No entanto, alta taxa de juros impossibilita empreendimentos de crescerem, avalia presidente do Sebrae Levantamento elaborado pelo Sebrae com base nos dados do mercado de crédito disponibilizados pelo Banco Central do Brasil mostra que cerca de 7,3 milhões de pequenos empreendedores tomaram empréstimos até o fim de 2022 – um aumento de 27% em comparação a 2019. Desses, 828,7 mil são microempreendedores individuais (MEI), 3,9 milhões são microempresas e outros 2,5 milhões são empresas de pequeno porte. O aumento é reflexo dos esforços de inclusão e maior acesso ao crédito durante a pandemia da Covid-19, em 2020 e 2021. No entanto, nos primeiros meses deste ano, a taxa alta de juros tem desestimulado os empresários de buscar os recursos, como mostrou a 3ª edição da pesquisa Pulso dos Pequenos Negócios. “Essa evolução é importante para o desenvolvimento do país. Os pequenos negócios, que são mais de 21 milhões de empresas formais, constituem a base de produção de bens e serviços de nossa economia”, ressalta o presidente do Sebrae, Décio Lima. “No entanto, com a taxa básica de juros a 13,75% ao ano, cria-se um obstáculo para os empreendedores crescerem. Em muitos dos casos, eles tomam créditos somente para quitar dívidas anteriores ou para ter um capital de giro”, completa o presidente.

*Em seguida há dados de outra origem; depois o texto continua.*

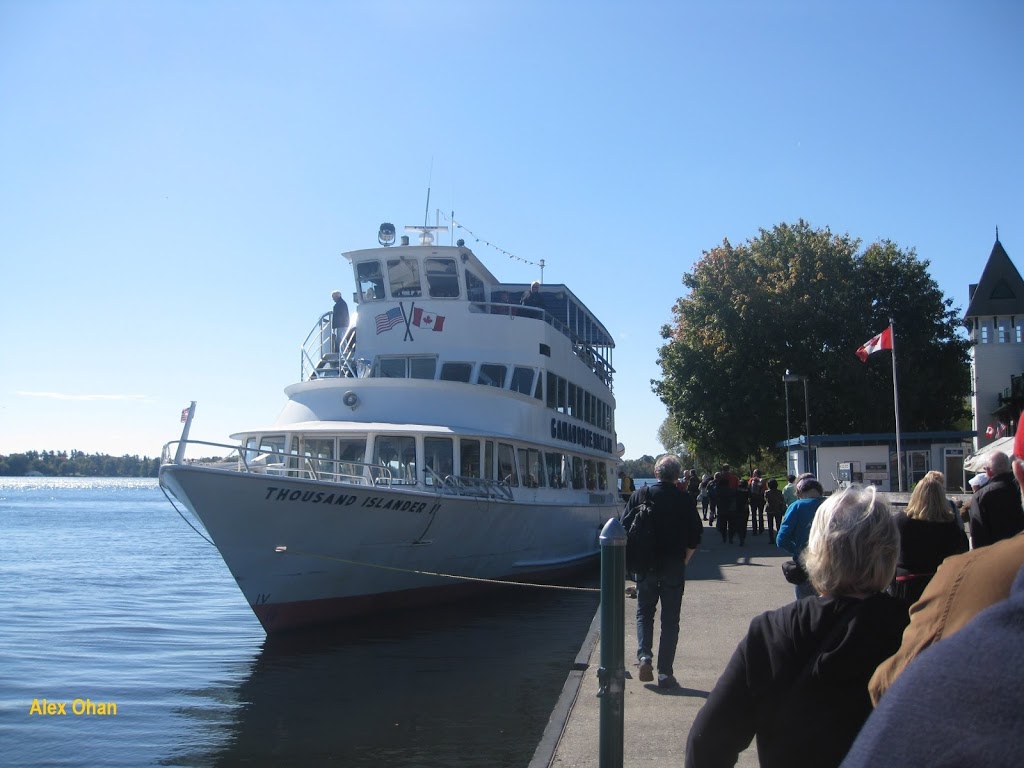 Kingston 1000 Islands Cruises - Ticket Booth and Dock | 1 Brock St, Kingston, ON K7L 5P7, Canada | Phone: (613) 549-5544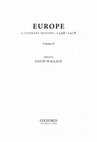 "Ruthenia (Lithuania-Rus)," in Europe: A Literary History, 1348-1418. Edited by David Wallace. Oxford University Press, 2016, Volume 2, pp. 420-439. Cover Page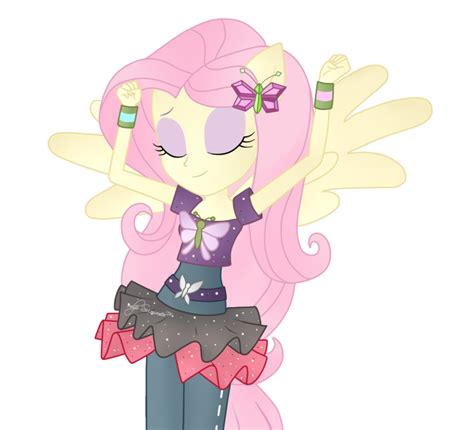 Fluttershy's Dance Magic: A Symbol of Confidence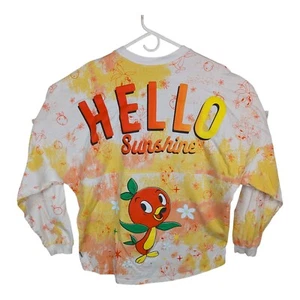 2021 Disney Parks Flower Garden Orange Bird Hello Sunshine Spirit Jersey Mens XL - Picture 1 of 13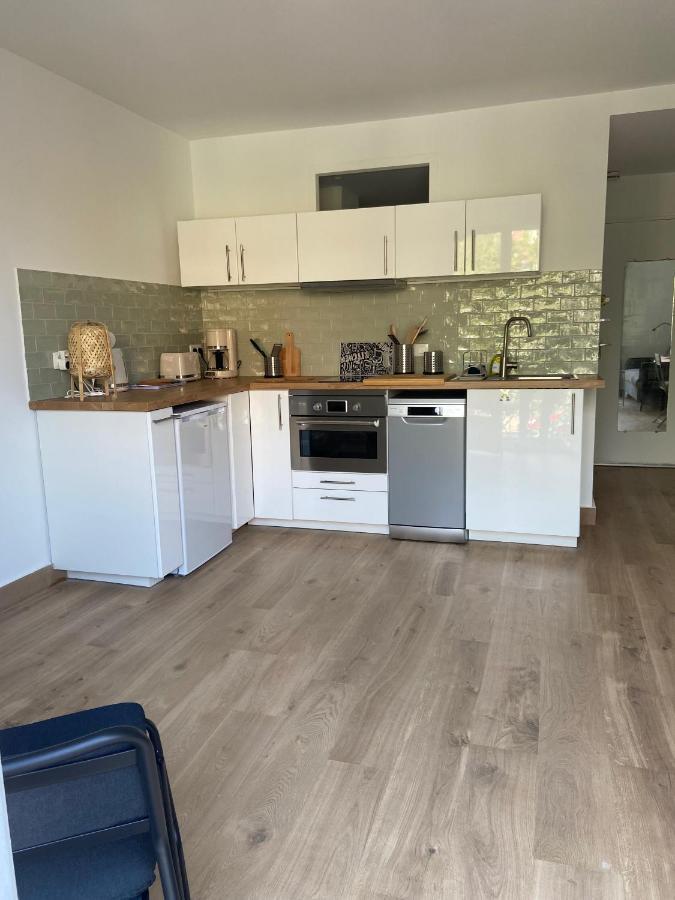 Jade, Studio Au Coeur De La Ville Villers-sur-Mer Ngoại thất bức ảnh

De acordo com a Coordenação de Acesso a Crédito e Investimentos do Sebrae, a taxa média para financiamentos voltados aos pequenos negócios está em torno de 35% ao ano. Para evitar mais um endividamento, o Sebrae sugere que os empreendedores procurem orientações antes de tomar a decisão. Por isso, o Sebrae disponibiliza serviços presencial e on-line, até por meio do Whatsapp ou do Telegram, com cursos gratuitos sobre o tema. Além disso, é importante estar atento à gestão financeira da empresa, à organização dos processos e ao controle de estoques, o que pode ajudar a conseguir um fluxo de caixa saudável e contar com subsídios sobre a requisição de empréstimos.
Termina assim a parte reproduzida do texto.